Deren'de benim ardımdan oturduğu sandalyeden kalkmıştı, ama o daha çok şakındı. Tam ona doğru gidecektim ki şoförümüz yanımıza geldi."Bittiniz mi Hazal hanim?" diye sorduğunda o adamdan gözlerimi ayırdım ve kafamı evet olarak salladım. O adama yine baktığımda göz göze geldik ve bize doğru geldiğini gördüm. Gözlerim fal taşı gibi açıldı ve kalbim korkudan hızlı atmaya başladı. Ya şoföre bir şey dese ve o da yanlış anlasa biterdim, ama sonuçta da bir şey yapmadım. Sanki her attığı adımda kalbim daha hızlı atıyordu. Yanımıza vardığında elini ona sırtı dönük olan şoförün omzuna koydu.
"Selâmın aleyküm Hasan." Kalın sesiyle ona dönen şoförümüz de şaşırmıştı.
"Aleyküm selam Alaz Bey," diye cevap verdi Hasan abi ve el tokuşturdular. "Hayırdır beyim. Ne yapıyorsunuz burada."
"Hayırdır Hasan, hayırdır. Küçük bir görüşmem vardı da burada. Asıl siz ne yapıyorsunuz burada bu saate?" dedi bize doğru bakarak. Şoförümüz Hasan'da bize dönüp bir bakış attı ve yine Alaz denen adama döndü ve konuşmaya başladı. "İzmir'den Celal ağanın oğlu geldi ve torunları gezdirmek için çıktık." Alaz aldığı cevapla kafasını salladı ve dediklerine ağzım açık kaldı. "Dikkat edin de Hasan. Bilirsin burası İzmir değil, laf söz olur. Allah muhafaza bir haftada bir düğün değil iki olur." Artık fazla olmaya başladı! Ne ima ettiğini gayet iyi anlamıştım ama bu kadarda fazlaydı artık! Ne yaptığını anlayamıyordum ve kendimi zor tutuyordum, ama maalesef canim arkadaşım benim kadar sabırlı değildi.

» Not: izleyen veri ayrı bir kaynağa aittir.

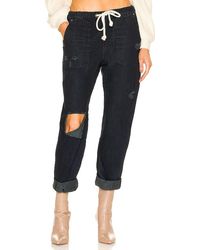 Denim Hustler Shabbies Boyfriend Shorts 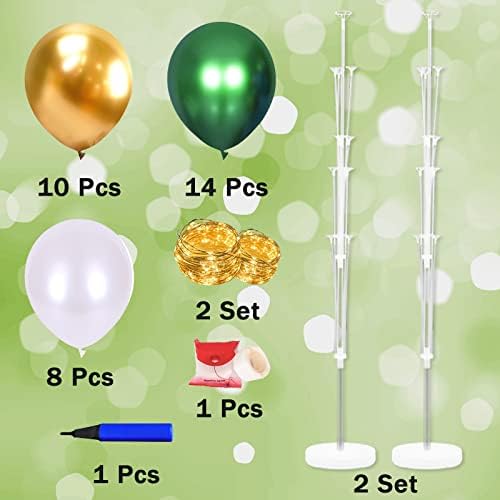 Cicicooie Balloon Stands Floor Column Kit 2 Centerpiece Party Decorations - Image 2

"Ne diyorsun be? Siz gözünüzü kendi önünüzde tutamadığınız için biz mi evde duralım?" Hepimiz Deren'in dediklerine şaşırdık fakat Alaz bu şaşkınlığını hemen sinire çevirdi. Soğuk bakışlarına ürken Deren yere bakmaya başladı. Ne yalan söyleyeyim bende biraz ürktüm. Açık kahverengi olan gözleri siyahin en karanlığına dönüşürken, çenesini karacak gibi sıkıyordu.
"Biz gitsek iyi olur Alay Bey, iyi aksamlar." Hasan bu gerginliğin arasından kaçmak istermiş gibi hemen çıkışa yürümeye başladı, ardında da Deren ve ben geliyorduk. Fakat o adamın yanından geçtiğimde bana bir adim daha yaklaştı. Korkuyla durmuştum. Aramızda sadece birkaç santim vardı ve gözleriyle sanki beni öldürecekmiş gibi bakıyordu. Ürkmüştüm ve kılımı bile kımıldayamıyordum. Beni onun yanından çeken kolumu tutan kişiydi. Deren'e baktığımda şaşkın gözlerle bana bakıyordu aynı zamanda da adımlarımızı hızlandırdık ve dışarı çıktık.
Eve gidene kadar hepimiz sessizdik ve odama çıkana kadar konuşmadık, ama odama girer girmez Deren konuşmaya başladı.
"Kafe'de olanlar neydi Hazal? O adamı tanımadığına emin misin?"
"Evet Deren! Gerçekten hiç görmedim önceden ve inan bana bende bugün hiçbir şey anlamadım. O kim oluyor ki hesabımızı ödüyor?" İkimizde odada dolanıyorduk ve bugün olanlarını algılamaya çalışıyorduk.
"O bizi evden çıkarken görmemişiydi? Nasıl olurda Kafe'de yine önümüze çıkıyor. Tamam diyelim ki tesadüftü ama hesap?" Birden durdu ve bana baktı, "bide o son yaptığı yakınlaşma... Bence bu oğlan seni beğendi" Deren artik gülümsüyordu.
"Saçmalama Deren. Ne alaka daha yeni gördü beni, ne beğenmesi. Hem ben zaten ona bakmam. O ne öyle, dengesiz."
"Eh yani, Eralp eniştemiz varken onu ne yapılım." Deren'in dediklerine utanmıştım.
ŞİMDİ OKUDUĞUN
Kaçış - Berdelden sonra (Mafya)
Novela Juvenil"Sana yirmi dört saat veriyorum. Bir saat sonra zamanın başlıyor ve bu yirmi dört saat içinde beni bulup kaçırırsan, seninim! Ama bulamazsan benden vazgeçip bir daha karşıma çıkmayacaksın!" Gülmeye başladı. "Bu kadar mı?" Kafamla onayladım ve yüz if...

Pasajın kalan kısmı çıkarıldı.